Когда я ее описал, мне сказали: "Да, эти признаки соответствуют Вегман".
Тогда я ее СЛИШКОМ ХОРОШО, не зная, знаю: более года она сидела перед нами наискось, у окна, на лекциях Штейнера, в столярном бараке, часто в беленькой кофточке, в черной юбке; и, кажется, что всегда была одна. Чуть ли не каждый день я ее где-нибудь встречал. Все образы воспоминаний моих о ней - мне приятны.
Большего ничего не умею сказать.
Стеффена я смутно помню: мне его показывали; в мое время он наезжал, или жил временами в Дорнахе. И к работам никакого отношения не имел.
Талантливого Ваксмута(308), чья книга - украшение антропософской культуры, я вовсе не знаю; знаком с его братом "общественником", о котором ничего интересного не умею сказать, как и о Ленхасе(309), знакомство мое с которым весьма поверхностно.
Уже совсем далеки мне нынешние деятели: Колиско, Швебш, Штейн, Штокмайер и прочие. Может быть, они и "глубокие эсотерики", - не знаю; по статьям, по речам я этого не увидел; никакого "веянья", никакой "печати" на них не открывал; Колиско и "печать" - даже смешно: скорее - ПЕЧАТКА с выгравированными литерами: "Дер Коммендэ Таг - Ферлаг": "штамп", в котором для меня объединялись столь многие в 21-23 годах.
21
Я начал внутренними учениками доктора; и, рисуя линию их, уперся в точку, где линия как бы пересеклась [пересекалась]: в точку "общества", бывшего сперва лишь "обростом" кузова корабля, а потом явившего собою "аппаратизацию". Здесь - тема моя кончается.
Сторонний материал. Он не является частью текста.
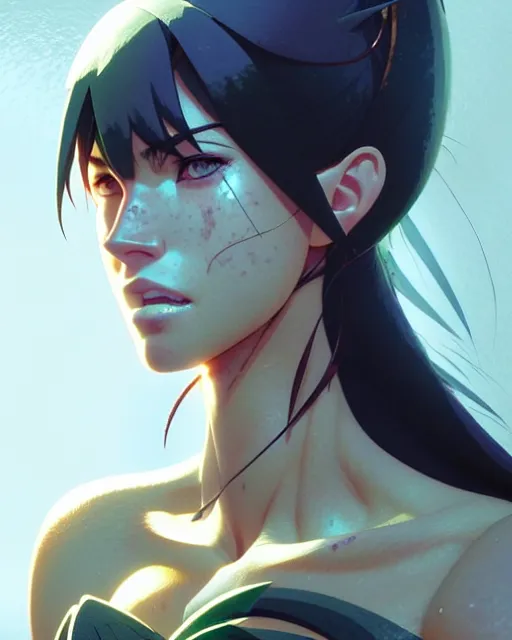 Image similar to azctec warrior, megan fox, detailed perfect face, exquisite details, fire magic, by studio muti, greg rutkowski makoto shinkai takashi takeuchi studio ghibli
Думаю, что Рудольф Штейнер был педагог, учитель, но во внутреннем смысле; чем не был он, - так это "политиком"; а какой же "общественник" не политик?
Стало быть: Рудольф Штейнер не был общественником. И когда говорил он "общество", разумел он не "общество", а нечто, осуществимое разве в ряде поколений, к чему он дал в "трехчленности"(310) лишь абстрактные пролегомены, кстати - "обществом" положенные под сукно.
Встреча его с необходимой трагедией, в которой "государственность" должна была вынырнуть, по-моему - Дорнах; встреча началась издалека; звуки ее издали имели мелодичный призвук (сирена на расстоянии гудит мелодично).
Встречу ту называю я "происхождение трагедии из духа музыки". Место ее - Дорнах.
К Дорнаху поворачивает меня тема моя.